Dieu en pyjama bleu
La bipolarité a souvent accidenté et caricaturé ma foi chrétienne: elle l’a abîmée, secouée dans tous les sens, puis poussée à se reconstruire, plus forte, plus authentique, fondée sur le roc.
Je suis depuis l’âge de 19 ans, attirée par le Christ, et c’est une véritable obsession qui m’a poursuivie dans mes hauts et dans mes bas, plutôt pour le pire que pour le meilleur… J’ai vécu ce que l’on appelle le délire mystique: une épreuve particulièrement douloureuse à vivre, peut-être pire lorsque l’on est croyant.
J’ai été, il y a plus de vingt ans, selon mes propres mots: «la femme la plus heureuse et la plus aimée de la terre», une jeune femme au sourire indécrochable, aux intuitions géniales et à l’apostolat prometteur… J’ai été aussi la femme damnée, maudite et suicidaire, juste à quelques pas de l’enfer, avec l’impression de vivre dans ce monde à l’envers. J’ai été la disciple bien-aimée, persuadée que l’on parlait de moi dans les Écritures. J’ai été une autre Judas, j’ai été appelée à la plus grande mission sur terre, j’ai été aussi celle qui a tout raté… J’ai été celle qui a péché contre le Saint-Esprit.
J’ai chanté «La deuxième en chemin, Sophie tu nous entraînes!», j’ai été celle qui appelait Jésus pour qu’Il revienne, j’ai été celle à qui l’Enfant-Jésus a souri, j’ai surtout été celle-qui-a-donné-tout-son-argent-à-des-personnes-de-la-rue-et-qui-a-fini-sous-curatelle, j’ai été la future reine de France et j’ai surtout été amenée à l’Infirmerie psychiatrique de la Préfecture de police de Paris… Je suis entrée à l’hôpital «couronnée», communiquant avec un jésuite par l’intermédiaire de mon tube de crème Nivea. Et je me suis retrouvée en pyjama bleu, internée pendant onze mois.
Je vis la foi chrétienne comme une équilibriste, avec une épée de Damoclès au-dessus de la tête et du lithium dans le cerveau.

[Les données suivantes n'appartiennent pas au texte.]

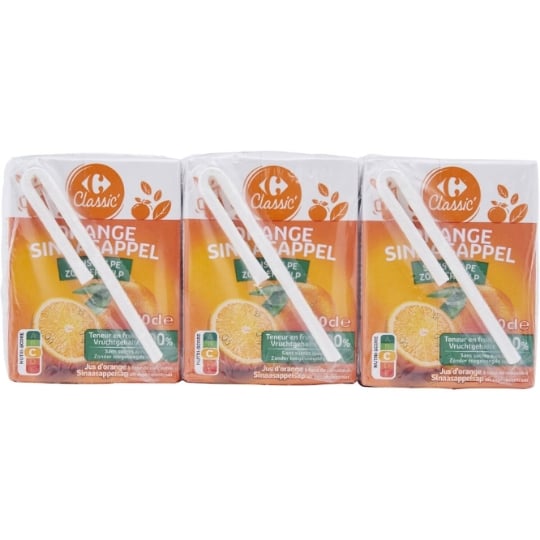 Jus d'Orange Sans Pulpe CARREFOUR CLASSIC'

Dans ce parcours terrifiant, j’ai connu beaucoup de douleurs, de peurs monstrueuses, de souffrances, de larmes, de sentiments de culpabilité écrasants, de montagnes de religiosité, de scrupules. J’ai bien souvent loué Dieu comme un piano désaccordé. Comme je dis parfois pour plaisanter: certains ont rencontré Jésus et sont devenus heureux. Quant à moi, j’ai raté ma conversion!
Il m’a fallu beaucoup de courage, beaucoup de force pour affronter les défis énormes que les crises et ma longue hospitalisation ont représenté. Mais aussi beaucoup de confiance dans les personnes qui m’ont accompagnée. J’ai fait preuve de beaucoup d’inventivité et de patience pour avancer sur un chemin de rétablissement personnel et pour rester – devenir – chrétienne. Dieu m’a apprivoisée, et j’apprends à Le découvrir tel qu’Il se révèle.
Je vis la foi chrétienne comme une équilibriste, avec une épée de Damoclès au-dessus de la tête et du lithium dans le cerveau. Mais malgré toute la colère que je lui dois, ma folie passée m’a permis l’expérience la plus importante de ma vie: celle de m’avoir ouvert le cœur.
Sophie de Coatpont, atteinte de bipolarité, est médiatrice Santé Paire chez Espoir 33 et formatrice à son compte. Avec ses mots qui frappent sans jamais abîmer, trempés dans sa foi et sa soif de vivre, Sophie de Coatpont traverse le fil précaire de l’existence, en quête d’équilibre.